Bass guitarist Chris Baio said that the band devotes a lot of time to touring, so "when [they] do something different like this, it is an exciting thing." Keyboardist Rostam Batmanglij said that the band is "interested in visuals, and it's a treat for [them] to get to do this."

==Cover versions==
In 2008, Peter Gabriel collaborated with Hot Chip on a cover of the song. Vampire Weekend themselves had reportedly asked Gabriel to cover it, on account of him being referenced in the lyrics ("This feels so unnatural/Peter Gabriel, too"). Ahead of the cover's release, Gabriel told 6Music that he hadn't decided whether or not to sing the line that references him verbatim. He ended up replacing one of the lines with "And it feels so unnatural/To sing your own name" when the cover was released.

"Richard Russell [head of XL Recordings] is a dad at my son's school," Gabriel explained to Mark Blake, "and he said, 'I have this young band and they are mentioning you as an influence.' …I could hear a lot of Talking Heads in there… When they wanted to involve me in this remix, I didn't know if it was a bit too weird to sing my own name, so I changed it.

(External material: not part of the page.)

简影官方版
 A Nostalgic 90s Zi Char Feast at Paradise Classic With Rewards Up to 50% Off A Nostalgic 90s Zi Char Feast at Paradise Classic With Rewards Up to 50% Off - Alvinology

But I think Vampire Weekend are very smart songwriters."

Lykke Li and Chromeo have also both covered the song live: the former at a series of shows between 2008 and 2009, and the latter at the 2015 Governors Ball, where they were joined on-stage by Koenig himself.

==Critical reception==
MusicOMH commented that the beginning of "Cape Cod Kwassa Kwassa" sounds "as if imitating 1950s calypso" and described the opening hook as having "innocence [that] adds charm to the track, built on by the breezy vocal." Pitchfork Media said that the song's "instrumentation and bubbly beat evoke Paul Simon's Graceland and "transforms the buoyant spirit of "Diamonds on the Soles of Her Shoes" to a cheaply (but cleanly) recorded, stripped-down, no-fuss context." Pitchfork also said that "the unassuming nature of the production works in Vampire Weekend's favor, allowing subtle pleasures like that sunny falsetto vocalese at the end and the purity of the guitar tone to shine through."

==Track list==
Digital Download (iTunes):
1. "Cape Cod Kwassa Kwassa" (radio edit) – 3:32
2. "Cape Cod Kwassa Kwassa" (The Very Best remix) – 3:26

Digital Download (Rhapsody):
1. "Cape Cod Kwassa Kwassa" (live) – 3:35

==Personnel==
Vampire Weekend
- Ezra Koenig
- Rostam Batmanglij
- Christopher Tomson
- Chris Baio

Additional musicians
- Jeff Curtin – hand drums, shaker

Technical
- Emily Lazar – mastering
- Rostam Batmanglij – mixing

==Chart positions==

Following the success of "A-Punk" and "Oxford Comma," Vampire Weekend decided to release "Cape Cod Kwassa Kwassa" as the fourth single from the album. Originally released in 2008, the song failed to make much of an impact on the UK Singles Chart, peaking at #178. The single was not released in America, meaning along with "Mansard Roof," the single was rather unsuccessful. Despite this, the single was eventually certified gold by the RIAA on June 18, 2025.

| Chart (2008) | Peak position |
|---|---|
| UK Singles Chart | 178 |

==Certifications==

| Region | Certification | Certified units/sales |
| United States (RIAA) | Gold | 500,000^{‡} |
^{‡} Sales+streaming figures based on certification alone.